Fragestellung: Die Tyrosinphosphatase IA-2 ist ein wichtiges Autoantigen beim Typ 1 Diabetes. Die Regulation von IA-2 in Inselzellen wird bisher nur teilweise verstanden. Ziel der vorliegenden Studie war es, den Einfluss der Inkretinhomone Glukagon-like Peptide 1 (GLP-1) und Gastric-Inhibitory-Polypeptide (GIP) auf die Genexpression von IA-2 zu analysieren.

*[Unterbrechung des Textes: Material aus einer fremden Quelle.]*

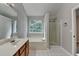 This bathroom includes a vanity, tub, shower and large window at 2477 Lakebrooke Dr, Marietta, GA 30066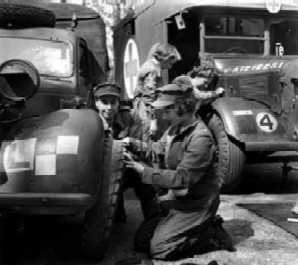 Elizabeth in overalls kneeling by the wheel of a truck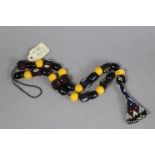 A bead necklace strung with alternating yellow & black coloured beads, having triangular beadwork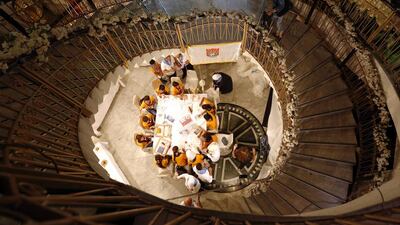Syrian children make crafts at the opening of the fourth International Building Technology Exhibition in Damascus, Syria. Youssef Badawi / EPA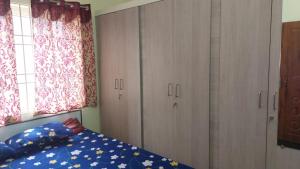 ein Schlafzimmer mit einem Bett und einigen Schränken und einem Fenster in der Unterkunft Stayzilla Santhoshini Homes 2 BHK in Vellore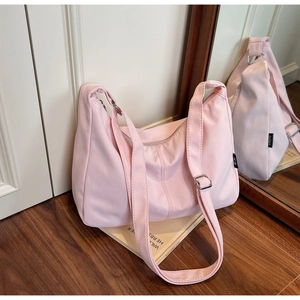 Close-up of pink canvas dumpling bag with adjustable shoulder strap and silver metal buckle
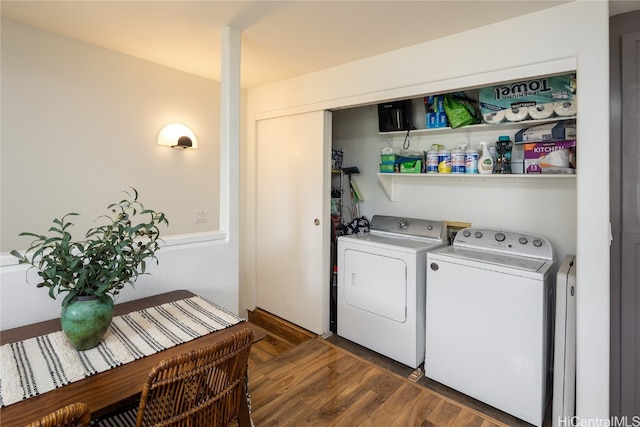 clothes washing area featuring dark hardwood / wood-style flooring and separate washer and dryer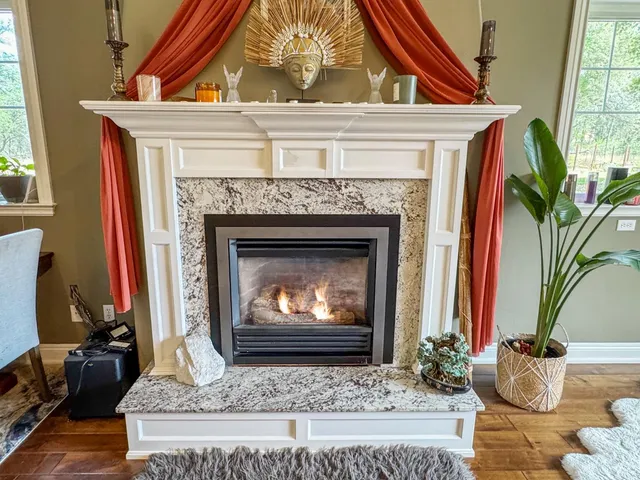 a living room with furniture and a fireplace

Methodik: Die IA-2 und Insulin mRNA Expression wurde mit einer Real-Time RT-PCR (Lightcycler) quantifiziert. Ratten Insulinomazellen INS-1 Zellen wurden für 6–48 Std. mit GLP-1 (0,1–100 nM) oder GIP (0,1–1000 nM) stimuliert. Die Behandlung mit Glukose und Forskolin diente als Positivkontrolle. Zur Abklärung der Signalvermittlung erfolgte in einigen Experimenten die Koinkubation mit Inhibitoren von ERK 1/2 und MAPK (PD98059, 50µM; SB203580, 10µM).

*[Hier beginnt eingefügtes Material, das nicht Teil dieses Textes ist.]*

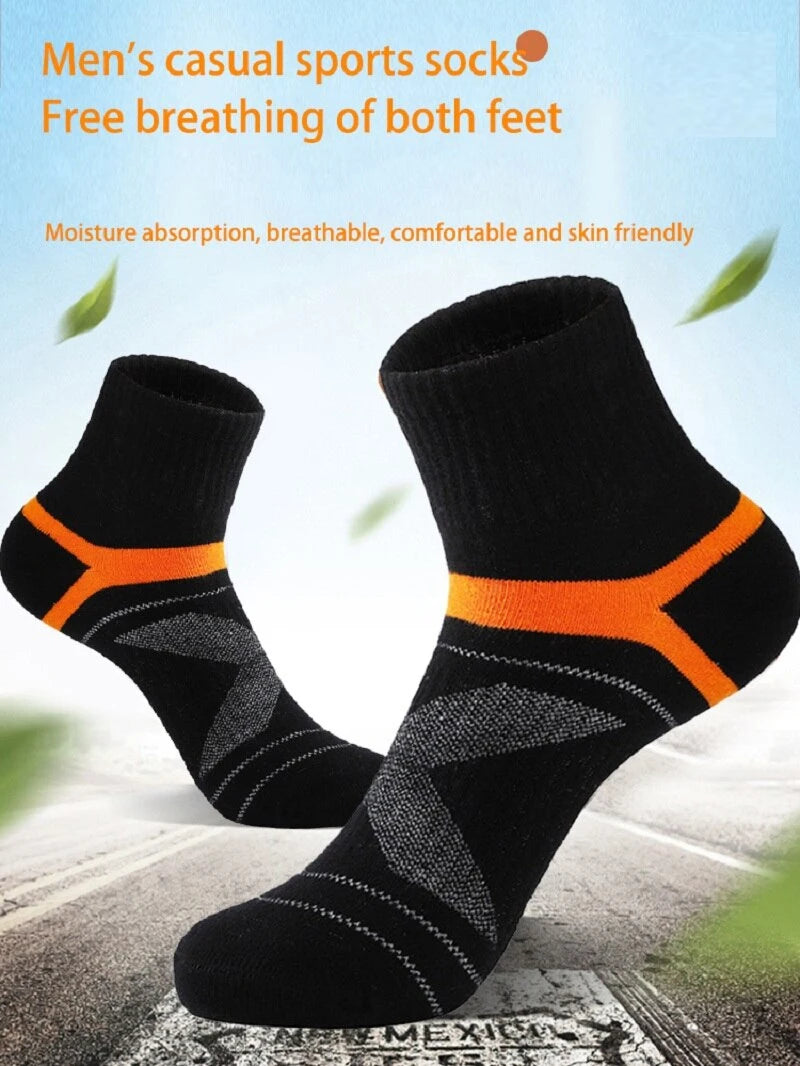 Black socks with orange accents on a blurred street background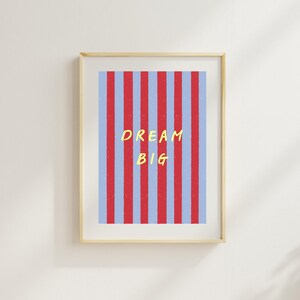 Könnte beinhalten: Ein gerahmter Wandkunstdruck mit vertikalen Streifen in abwechselndem Rot und Hellblau. Der Text DREAM BIG ist in gelben Großbuchstaben in der Mitte des Streifenmusters aufgedruckt und von einem hellen Holzrahmen umgeben.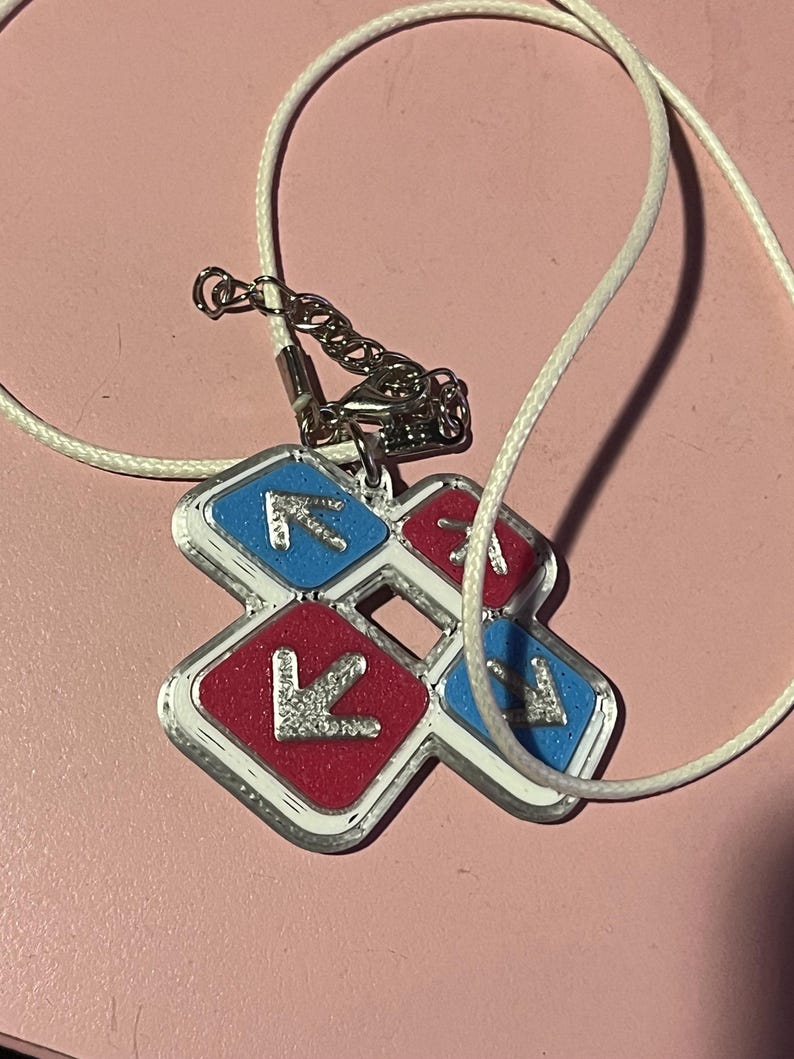 May include: A silver-colored pendant necklace with a white cord. The pendant is a cross-shaped design with red and blue squares, each featuring a silver arrow. The necklace is likely a fashion accessory.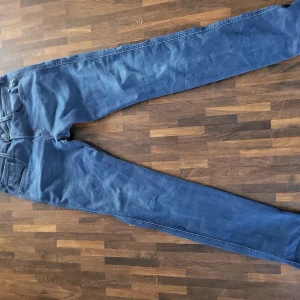 Blå Replay Anbass jeans herr - Säljer ett par blå Replay Anbass jeans med smal passform. Klassisk femficksmodell, normal midja och raka ben. Jeansen är tillverkade i stretchig denim för extra komfort och har snygga detaljer vid fickorna.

Ergebnisse: Sowohl GLP-1 und GIP führten zu einer zeit- und konzentrationsabhängigen Stimulation der IA-2 und Insulin mRNA Kopienzahl. Nach Gabe von GLP (10 nM) wurde eine signifikante Hochregulation von IA-2 (164±8,4%) und Insulin (182±6,7%) beobachtet (p<0,01). GIP erhöhte die IA-2 Genexpression bereits nach einer sehr kurzen Inkubationszeit von nur 6 Std.. Eine maximale Stimulation von IA-2 (291±7,6%) und Insulin (282±10,9%) trat bei einer Konzentration von 100 nM nach 24 Std. auf (p<0,01). Durch Koinkubation mit PD98059 oder SB203580 konnte die GLP-1 (10 nM) und die GIP (100 nM) vermittelte Steigerung der IA-2 Genexpression komplett inhibiert werden.

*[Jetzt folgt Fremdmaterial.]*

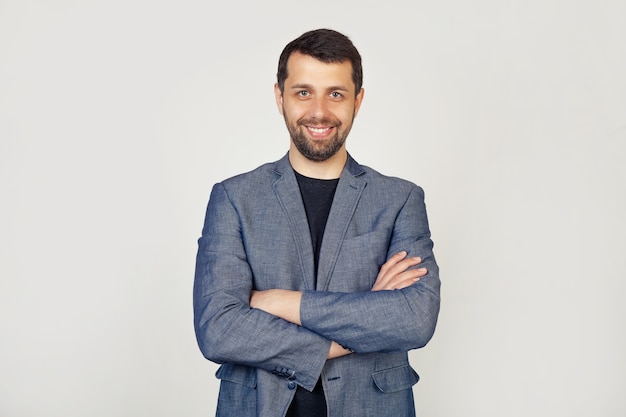 Um jovem de barba sorrindo com uma cara feliz, olhando e apontando para o lado com o polegar para um local de publicidade, olhe aqui,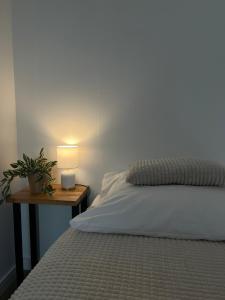 a bed with a table with a lamp on it at Włostowicka Ostoja Apartament in Puławy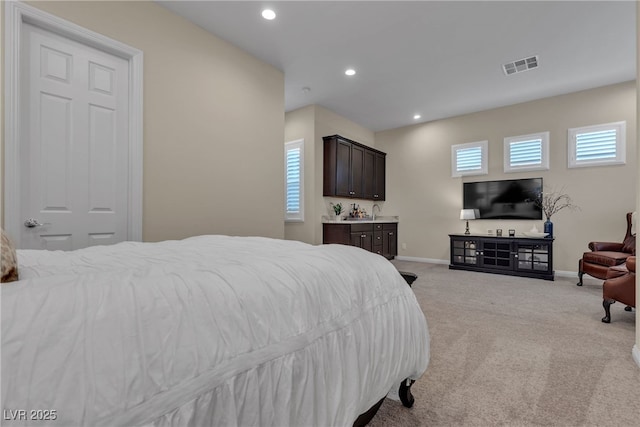 bedroom with recessed lighting, visible vents, light carpet, and baseboards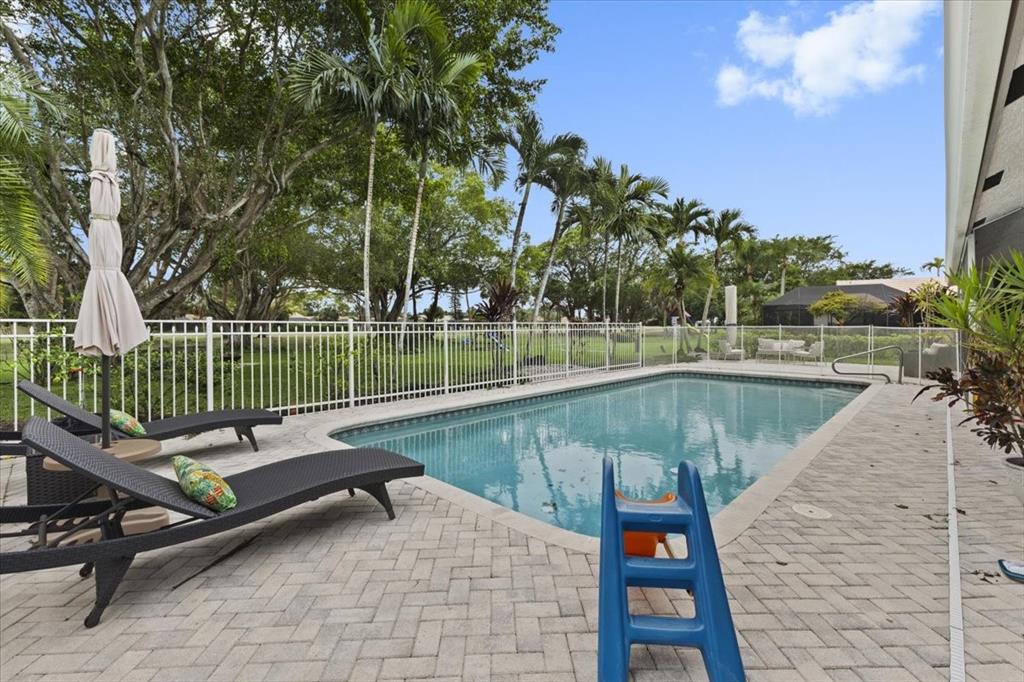 10349 Camelback Lane Boca Raton, FL 33498 - Photo 32 of 38 a view of a swimming pool with a patio and a yard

Schlussfolgerung: Die vorliegende Studie zeigt erstmals, dass die Inkretinhormone GLP-1 und GIP die Genexpression von IA-2 steuern. Diese Daten liefern einen weiteren Beweis, dass in Inselzellen die Regulation der IA-2 Expression sehr stark an die stimulus-abhängige Sekretion von Insulin gekopplet ist.